An earthquake shook the Pacific coast of Guatemala early this morning, leaving at least 5 dead and 7 injured.
The earthquake struck at 1:30am, 9.3 miles northwest of San Marcos, near the Mexican border. Rubble from a falling wall killed one woman in San Marcos, and a collapsed church killed a homeless man in nearby San Sebastián, Retalhueleu. Three women died of heart attacks resulting from the fright of the earthquake awakening them in the night.
President Jimmy Morales tweeted this morning, asking citizens to stay calm and alert to the possibility of aftershocks while they awaited more official information.
“We greatly mourn the loss of lives,” he said.
Depth and Reach of the Earthquake
At 111km (69 miles) deep, and relatively far inland, there is no threat of a tsunami, according to the Pacific Tsunami Warning Centre. Shallower earthquakes cause more damage and are typically more hazardous.
The quake was felt by about 12 million people across Guatemala and Mexico. It even awakened people in the capital, Guatemala City, about 154 miles away, where there is so far no reported damage.

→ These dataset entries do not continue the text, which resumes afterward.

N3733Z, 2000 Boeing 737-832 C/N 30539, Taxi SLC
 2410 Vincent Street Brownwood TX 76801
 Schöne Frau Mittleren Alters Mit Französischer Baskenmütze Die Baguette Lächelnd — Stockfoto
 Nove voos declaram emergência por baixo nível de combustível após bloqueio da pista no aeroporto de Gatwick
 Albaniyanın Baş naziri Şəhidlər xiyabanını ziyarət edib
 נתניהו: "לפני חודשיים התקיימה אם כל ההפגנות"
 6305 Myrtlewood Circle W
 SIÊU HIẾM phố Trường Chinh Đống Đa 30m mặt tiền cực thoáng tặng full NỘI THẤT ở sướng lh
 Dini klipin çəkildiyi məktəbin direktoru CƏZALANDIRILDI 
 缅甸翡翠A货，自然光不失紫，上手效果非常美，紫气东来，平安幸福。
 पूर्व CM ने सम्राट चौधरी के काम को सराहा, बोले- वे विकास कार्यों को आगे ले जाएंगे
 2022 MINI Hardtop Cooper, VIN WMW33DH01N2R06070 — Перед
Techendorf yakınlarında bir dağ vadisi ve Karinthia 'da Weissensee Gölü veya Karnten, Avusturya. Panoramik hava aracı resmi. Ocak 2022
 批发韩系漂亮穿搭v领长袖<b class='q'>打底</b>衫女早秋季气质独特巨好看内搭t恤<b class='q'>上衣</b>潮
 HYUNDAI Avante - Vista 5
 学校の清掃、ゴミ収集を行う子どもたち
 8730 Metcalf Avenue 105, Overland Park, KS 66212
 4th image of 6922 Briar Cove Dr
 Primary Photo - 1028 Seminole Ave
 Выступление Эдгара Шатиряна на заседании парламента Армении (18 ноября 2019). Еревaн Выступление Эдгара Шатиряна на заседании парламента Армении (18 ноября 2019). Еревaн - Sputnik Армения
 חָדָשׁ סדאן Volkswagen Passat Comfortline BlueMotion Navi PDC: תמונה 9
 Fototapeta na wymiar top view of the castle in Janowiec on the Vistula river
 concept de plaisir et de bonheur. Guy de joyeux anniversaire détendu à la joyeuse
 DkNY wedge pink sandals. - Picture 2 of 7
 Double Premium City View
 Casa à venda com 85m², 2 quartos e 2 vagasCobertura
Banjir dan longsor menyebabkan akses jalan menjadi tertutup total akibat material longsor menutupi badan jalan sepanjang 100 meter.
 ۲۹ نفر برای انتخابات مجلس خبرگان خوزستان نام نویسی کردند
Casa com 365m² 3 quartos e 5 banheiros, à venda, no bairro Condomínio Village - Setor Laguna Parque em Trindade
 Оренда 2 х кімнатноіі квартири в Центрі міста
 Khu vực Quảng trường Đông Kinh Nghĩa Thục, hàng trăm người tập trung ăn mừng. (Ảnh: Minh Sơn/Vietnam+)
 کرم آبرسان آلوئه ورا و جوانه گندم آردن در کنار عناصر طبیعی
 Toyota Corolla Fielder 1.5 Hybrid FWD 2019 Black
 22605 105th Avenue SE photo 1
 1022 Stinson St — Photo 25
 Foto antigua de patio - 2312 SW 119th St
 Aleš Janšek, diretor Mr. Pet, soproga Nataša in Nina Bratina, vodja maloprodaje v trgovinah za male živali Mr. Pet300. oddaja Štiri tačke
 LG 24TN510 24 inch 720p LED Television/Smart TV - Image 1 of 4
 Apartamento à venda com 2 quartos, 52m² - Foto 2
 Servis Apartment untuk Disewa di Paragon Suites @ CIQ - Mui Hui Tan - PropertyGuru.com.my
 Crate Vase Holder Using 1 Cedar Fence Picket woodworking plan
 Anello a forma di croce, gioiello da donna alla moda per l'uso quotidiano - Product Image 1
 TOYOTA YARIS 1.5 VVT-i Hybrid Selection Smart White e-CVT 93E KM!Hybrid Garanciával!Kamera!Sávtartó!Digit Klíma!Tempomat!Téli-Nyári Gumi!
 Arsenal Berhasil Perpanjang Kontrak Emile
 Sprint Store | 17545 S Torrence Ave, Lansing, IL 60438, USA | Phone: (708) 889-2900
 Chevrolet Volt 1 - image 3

The epicenter was reported to be close to the base of Volcán Tajumulco, a dormant volcano and the highest mountain in Central America.
Mudslides, power outages, and damage to homes and buildings have been reported across Retalhuleu, Quetzaltenango and Suchitepequez departments. Schools will be closed today as officials inspect the damage.
The most toll seems to have been taken on the mud and straw houses of the region’s poorer citizens. The area surrounding Volcán Tajumulco is rural and sparsely populated.
A Major Earthquake Zone
The earthquake peaked after a series of smaller quakes struck at sea near the Mexican state of Chiapas. An aftershock followed about 20 minutes after the main earthquake.
Guatemala lies on a major faultline, where the Caribbean tectonic plate meets the Cocos plate. This makes it susceptible to earthquakes, which are unpredictable. San Marcos was also the site of a 7.4 magnitude earthquake in 2012, which killed 48 people.